Preferences are currently hard-coded. Some preferences that you might be interested in are:

- **Download format**: In `download.py`, change `Downloader.options['format']`. Format should be legal `youtube-dl` format selection grammar (see https://github.com/rg3/youtube-dl#format-selection). Default is `'worst'`, standing for "worst quality (roughly 480P in the case of Youku)".
- **No. of download processes**: In `multi_queue.py`, change `MultitaskQueue.MAX_PROC`. Default is `4`.
- **Download path**: In `download.py`, find `Downloader.start_download` method, change `cur_option['outtmpl']`. Path should be legal `youtube-dl` output template grammar (see https://github.com/rg3/youtube-dl#output-template). Default is `'video/' + str(dic['id']) + '/' + str(dic['id']) + r'.%(ext)s'`, which will save the video to `video//...`.

## Output format

Film info are written into three files:

- `_movies_no_video_.json`, containing JSON objects of videos **without** a video link.
- `_movies_video_.json`, containing JSON objects of videos **with** a video link.
- `domains.txt`, all of the domains in video links. (Only for M1905)

For the **M1905 spider**, JSON objects contain the following keys:

- `id`, parse counter as ID, corresponding to video filename.
- `link`, link to page on M1905.
- `title`, title of film.
- `titleEng`, English title of film (if available).
- `actors`, list of names of actors.
- `director`, list of names of directors.
- `boxOffice`, box office in CNY (if available).
- `genre`, list of genres (if available).
- `date`, release date in the format of "年月日" (YMD) (if available).
- `awards`, number of awards received (if available).
- `tags`, list of user-provided tags.
- `imageURL`, link to cover image.
- `videoURL`, link to video (if available).

(If a list contains only one element, the list is flattened to a single element)

For the **Youku spider**, JSON objects contain the following keys:

- `id`, parse counter as ID, corresponding to video filename.
- `link`, link to page on Youku.
- `title`, title of film.
- `otherTitle`, aliases of the film (English names, etc.) (if available).
- `actors`, list of names of actors.
- `director`, list of names of directors.
- `genre`, list of genres (if available).
- `date`, release date in the format of "年月日" (YMD) (if available).
- `length`, length of the film in minutes.
- `description`, description of the film (if available).
- `region`, the region where the film was made (if available).
- `rating`, rating given by Youku users.

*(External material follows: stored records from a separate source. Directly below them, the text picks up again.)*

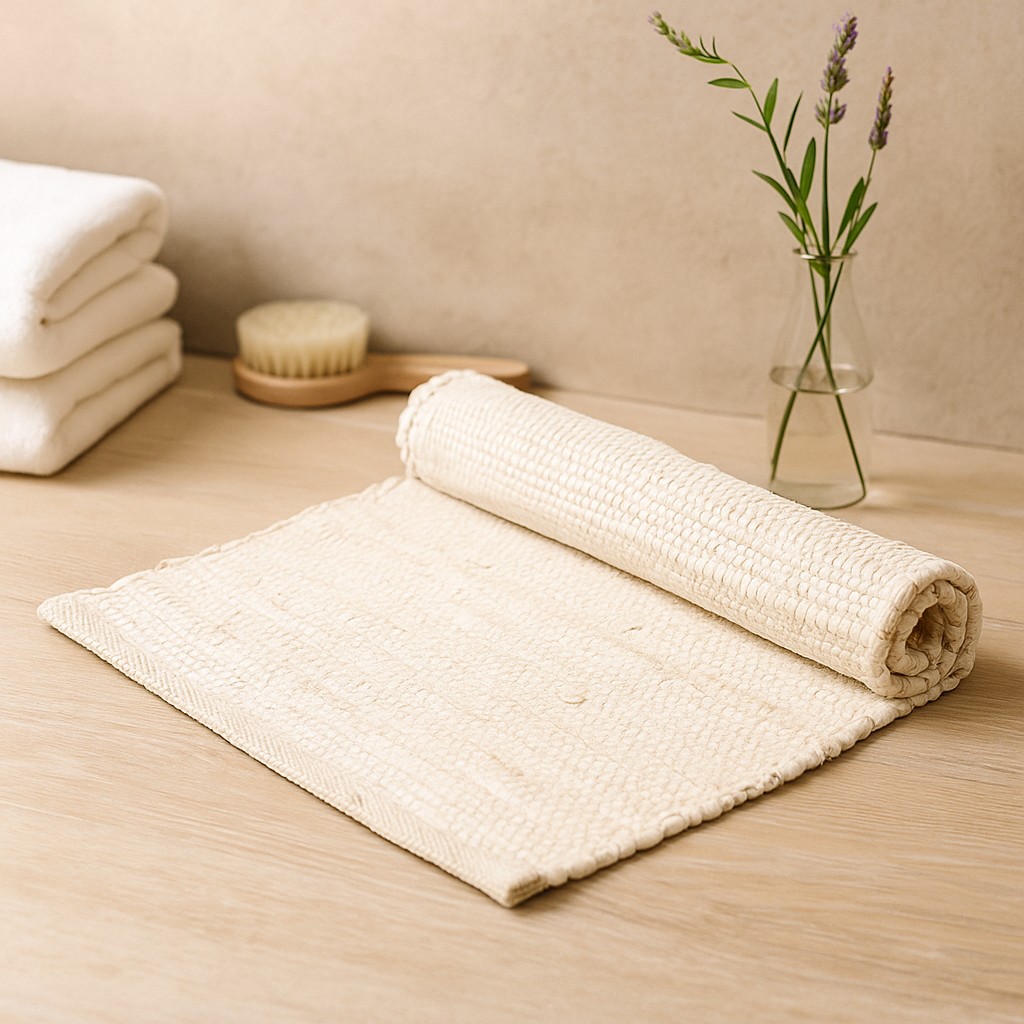 Cotton Area Rug Large Cream Handloom Textured
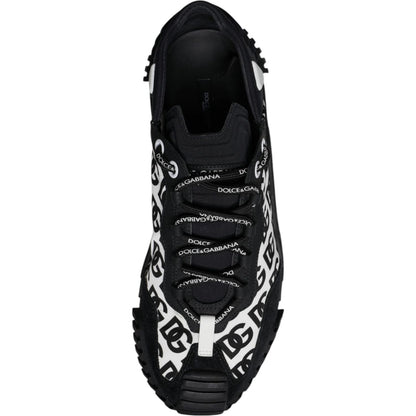 Dolce & Gabbana Black Logo Lace Up Low Top NS1 Sneakers Shoes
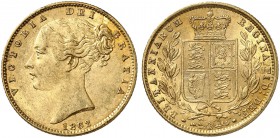 GROSSBRITANNIEN. Königreich. Victoria, 1837-1901. Sovereign 1862, London. Young head. I in GRATIA partially struck. 7.95 g. Seaby 3852 D. Fr. 387 e. K...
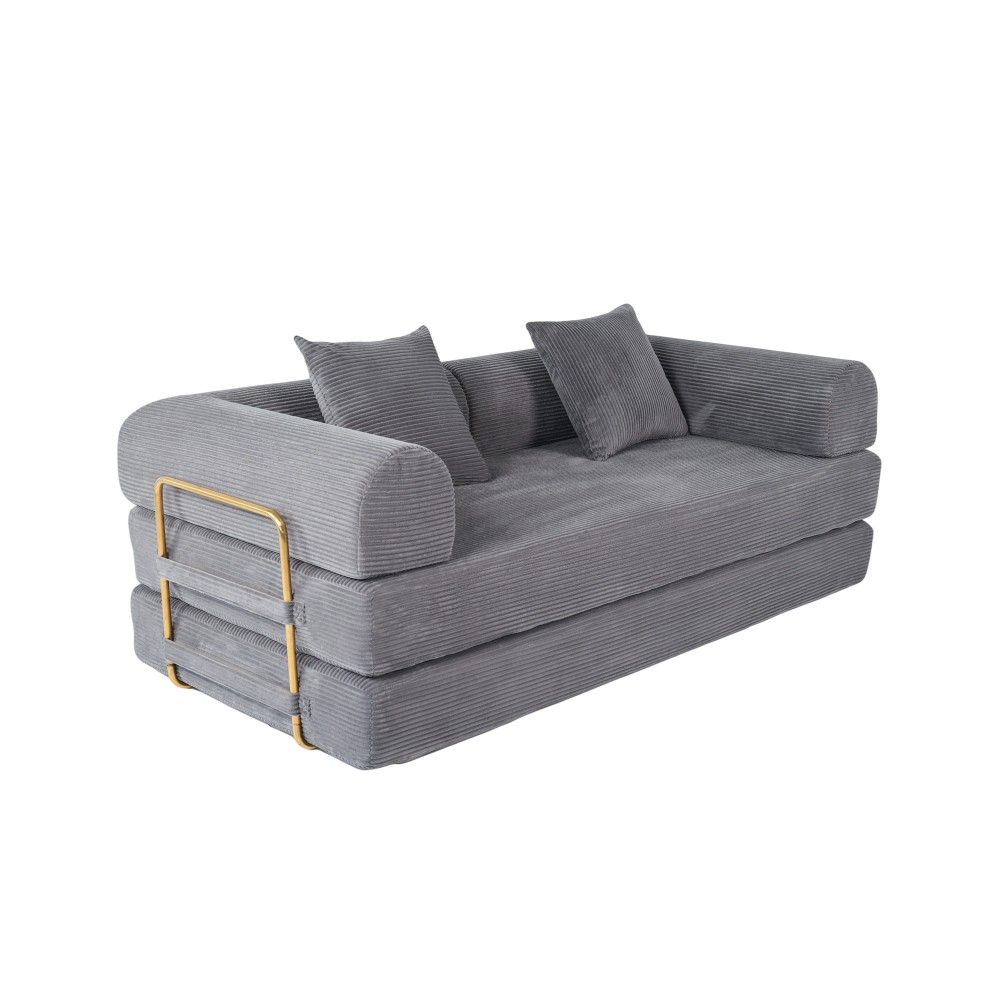 Foldable Sofa Bed 75", 3-Seater Sleeper w/ Memory Foam for Apartment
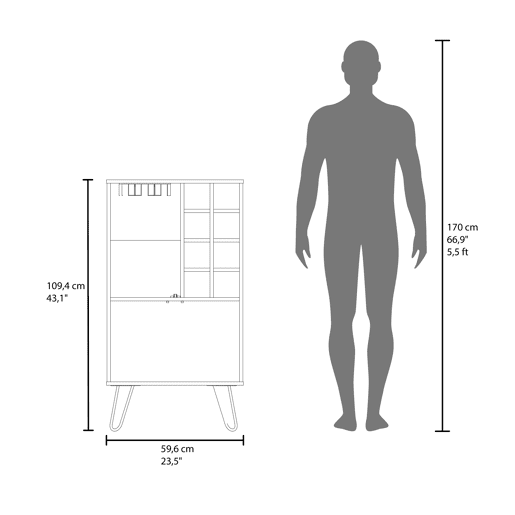 armário bar em melamina aster com 8 suportes para garrafas, 9 suportes para copos e arrumação inferior , Branco , 109,4 cm X 59,6 cm X 40 cm armário bar em melamina aster com 8 suportes para garrafas, 9 suportes para copos e arrumação inferior , Branco , 109,4 cm X 59,6 cm X 40 cm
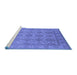 Sideview of Machine Washable Oriental Blue Industrial Rug, wshurb781blu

Note that Youku pages also contain Douban ratings, but that information is not crawled by spider.
- `playCount`, number of times the film is played on Youku.
- `likeCount`, number of times the film is liked by Youku users.
- `commentCount`, number of comments of the film on Youku.
- `imageURL`, link to cover image.
- `videoURL`, link to video (if available).

If `videoURL` exists for a film, its worst-quality version is downloaded using `youtube-dl`. Video is saved to `video/.`.

## Known issues

- Youku video parts are not concatenated.
- When downloading long videos on Youku, only a part could be downloaded. This issue is due to `youtube-dl` incompetence and I currently can do nothing about it.

## Reimplement details

Due to incompetence of `youtube-dl`, you are encouraged to reimplement the `download.py` part using other tools of parsing/downloading. You need to reimplement the following two methods:
- `Downloader.start_download(self, dic)`: This method is called when a new download job is about to start. Your implementation should use an asynchronous downloader. Dictionary `dic` contains 3 keys: `name`, `url` and `id`.
- `Downloader.download_progress(self, id, dic)`: This method is called by `youtube-dl` as progress reporter. When download is complete or aborted due to errors, you should also invoke this method (usually from `start_download` method). Dictionary `dic` should contain key `status`, with values among `downloading`, `finished`, `complete` and `error`, the last two corresponding to download complete and aborted.

For further info please kindly delve into the code :)